Supplied material »

Start of Block

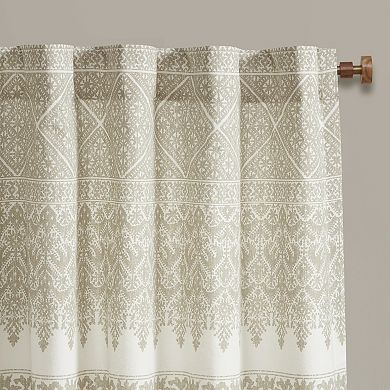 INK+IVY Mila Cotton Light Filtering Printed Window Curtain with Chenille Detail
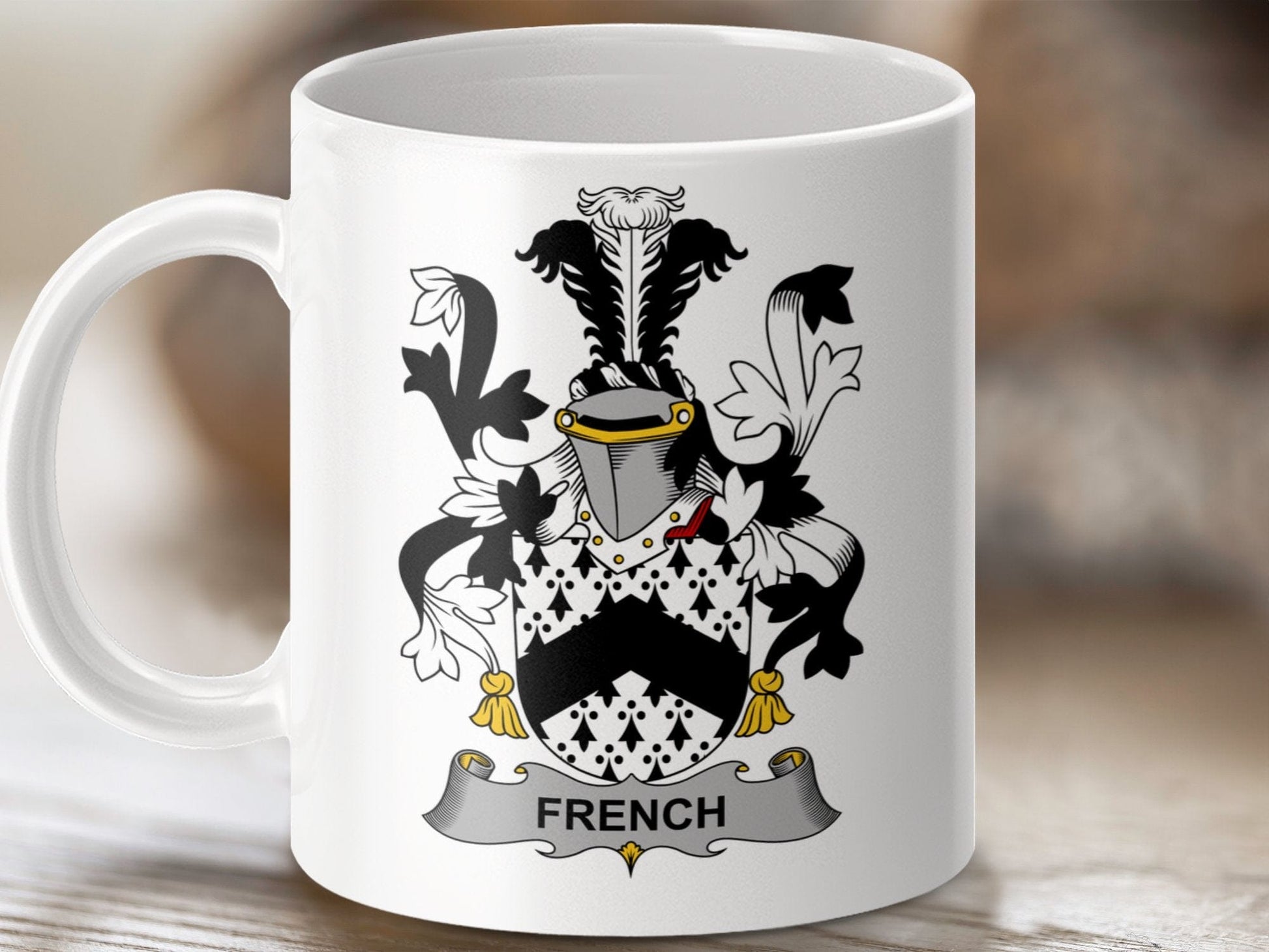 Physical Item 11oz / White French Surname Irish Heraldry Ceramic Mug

End of Block
Start of Block

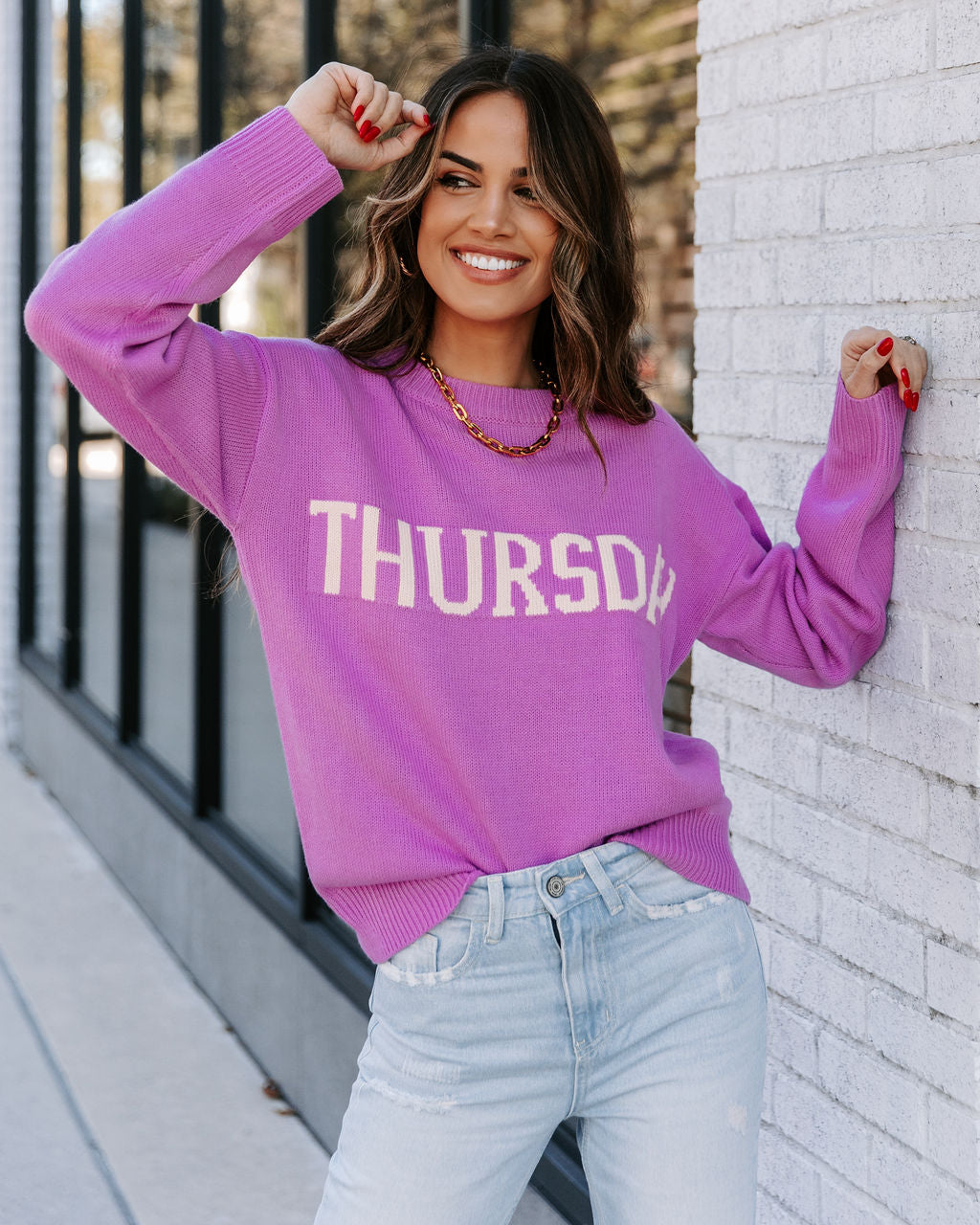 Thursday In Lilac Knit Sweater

End of Block

Task details » Print nothing except the lines above from the one containing "INK+IVY Mila Cotton" down to the one containing "Physical Item 11oz", both included, exactly as written and free of pictures.

Finished task »
 INK+IVY Mila Cotton Light Filtering Printed Window Curtain with Chenille Detail
 Physical Item 11oz / White French Surname Irish Heraldry Ceramic Mug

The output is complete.